As we recently explained,

[i]t is of the utmost importance that petitioners in
the IPR proceedings adhere to the requirement
that the initial petition identify “with particularity”
the “evidence that supports the grounds for the
challenge to each claim.” 35 U.S.C. § 312(a)(3).
“All arguments for the relief requested in a motion
must be made in the motion. A reply may only respond
to arguments raised in the corresponding
opposition or patent owner response.” 37 C.F.R.

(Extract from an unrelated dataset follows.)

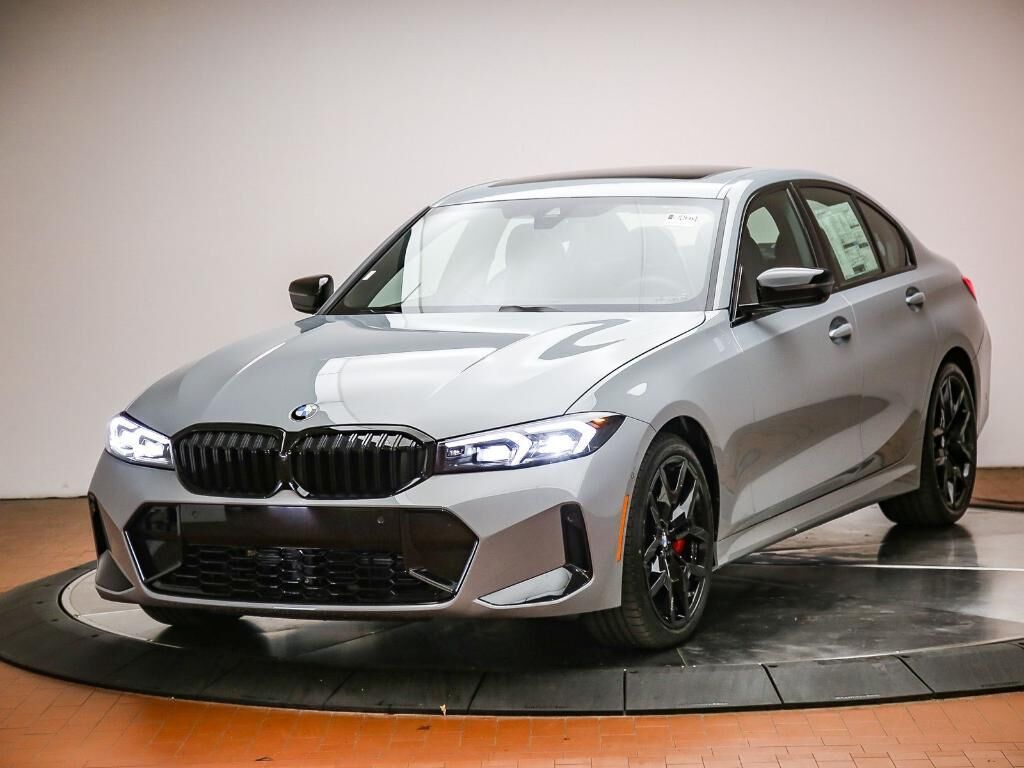 2026 BMW 3 Series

§ 42.23(b). Once the Board identifies new issues
presented for the first time in reply, neither this
court nor the Board must parse the reply brief to
determine which, if any, parts of that brief are re-
sponsive and which are improper. As the Board
noted, “it will not attempt to sort proper from improper
portions of the reply.” Office Patent Trial
Practice Guide, 77 Fed. Reg. 48,756, 48,767 (Aug.
14, 2012).
Intelligent Bio-Sys., Inc. v. Illumina Cambridge Ltd., 821
F.3d 1359, 1369 (Fed. Cir. 2016). We conclude that the
Board did not abuse its discretion in not considering the
cited paragraphs of the reply declaration in its analysis.

QUERY: What happens if the Board relies on an argument not
briefed by the petitioner?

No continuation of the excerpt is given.